United States Court of Appeals, Eighth Circuit
Aug 1, 2024
No. 23-1625 (8th Cir. Aug. 1, 2024)

Opinion

23-1625

08-01-2024

Sr. Kate Reid; Megan Heeney, as next friends of; A. O. A.; Meylith A. Caso Arroyo; Y. C. A.; A. C. C.; D. R. G.; J. R. G.; S. A. L.; Jean P. Quispe Morales; B. Q. M. Plaintiffs - Appellees v. The Doe Run Resources Corporation, a New York Corporation; D. R. Acquisition Corp., a Missouri Corporation; Marvin K. Kaiser; Albert Bruce Neil; Jeffrey L. Zelms; The Renco Group, Inc.; Ira L. Rennert; Doe Run Cayman Holdings LLC, a Missouri limited liability company Defendants - Appellants National Mining Association; Associated Industries of Missouri; Chamber of Commerce of the United States of America; Missouri Chamber of Commerce and Industry; State of Missouri Amici on Behalf of Appellant(s) Former U.S. Diplomats and Government Officials; William S. Dodge; Maggie Gardner Amici on Behalf of Appellee(s)


Submitted: January 9, 2024

Appeal from United States District Court for the Eastern District of Missouri - St. Louis

Before BENTON, ERICKSON, and KOBES, Circuit Judges.

ERICKSON, Circuit Judge.

This consolidated action comprises 40 cases and more than 1,420 individual plaintiffs who are Peruvian citizens alleging environmental injury by exposure to toxic substances from La Oroya Metallurgical Complex ("LOMC"), a smelting and refining complex in rural Peru. The defendants are United States-based entities consisting of Doe Run Resources Corporation, The Renco Group, Inc., and related companies and certain executives and directors at those companies (collectively "Doe Run") that purchased LOMC in 1997. In this latest appeal, Doe Run argues the district court erred by denying its motion to dismiss the action based on the doctrine of international comity. We affirm.

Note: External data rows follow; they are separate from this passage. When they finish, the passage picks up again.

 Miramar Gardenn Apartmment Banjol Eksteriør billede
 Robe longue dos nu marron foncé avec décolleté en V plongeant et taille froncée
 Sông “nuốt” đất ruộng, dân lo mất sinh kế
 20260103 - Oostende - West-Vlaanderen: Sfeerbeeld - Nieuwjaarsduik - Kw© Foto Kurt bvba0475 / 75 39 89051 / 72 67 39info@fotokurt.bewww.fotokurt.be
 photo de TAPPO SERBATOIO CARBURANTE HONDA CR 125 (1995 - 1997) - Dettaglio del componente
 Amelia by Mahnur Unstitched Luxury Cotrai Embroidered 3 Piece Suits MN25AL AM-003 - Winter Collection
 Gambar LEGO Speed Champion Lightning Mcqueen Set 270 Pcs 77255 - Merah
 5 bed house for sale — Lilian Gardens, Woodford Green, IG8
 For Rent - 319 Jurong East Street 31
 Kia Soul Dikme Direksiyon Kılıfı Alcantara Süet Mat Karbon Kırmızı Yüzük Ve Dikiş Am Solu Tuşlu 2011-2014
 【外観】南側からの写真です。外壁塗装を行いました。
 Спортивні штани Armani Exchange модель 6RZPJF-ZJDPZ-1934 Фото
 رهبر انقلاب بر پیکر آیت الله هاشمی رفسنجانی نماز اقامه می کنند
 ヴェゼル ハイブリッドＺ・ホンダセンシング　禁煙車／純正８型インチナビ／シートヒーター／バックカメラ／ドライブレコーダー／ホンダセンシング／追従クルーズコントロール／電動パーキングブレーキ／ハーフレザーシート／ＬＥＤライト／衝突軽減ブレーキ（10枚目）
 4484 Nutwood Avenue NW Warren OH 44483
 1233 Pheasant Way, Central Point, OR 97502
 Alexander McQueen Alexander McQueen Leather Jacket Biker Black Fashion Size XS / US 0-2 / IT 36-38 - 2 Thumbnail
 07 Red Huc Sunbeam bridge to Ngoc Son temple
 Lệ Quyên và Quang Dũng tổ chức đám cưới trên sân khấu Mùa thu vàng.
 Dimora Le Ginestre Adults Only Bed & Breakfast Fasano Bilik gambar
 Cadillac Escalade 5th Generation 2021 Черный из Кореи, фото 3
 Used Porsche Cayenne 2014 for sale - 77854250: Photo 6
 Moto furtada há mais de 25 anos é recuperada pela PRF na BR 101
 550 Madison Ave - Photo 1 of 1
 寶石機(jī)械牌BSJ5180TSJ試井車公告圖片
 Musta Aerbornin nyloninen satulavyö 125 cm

The Honorable Catherine D. Perry, United States District Judge for the Eastern District of Missouri.

I. BACKGROUND

LOMC began operations in 1922 under the ownership of Cerro de Pasco Corporation in the remote village of La Oroya, which is located high in the Andes mountains of Peru. Using smelters and refineries, LOMC processed mined minerals into copper, lead, zinc, and other metals. In 1974, the government of Peru took control of LOMC and transferred the ownership and operations to a state-owned company, Centromin Peru S.A. Nearly two decades later, LOMC was offered for sale, and Doe Run emerged as a prospective buyer. Under Peruvian law, only a Peruvian company could purchase LOMC, so Doe Run created a Peru-based subsidiary, Doe Run Peru, and its direct parent company in Peru, Doe Run Mining.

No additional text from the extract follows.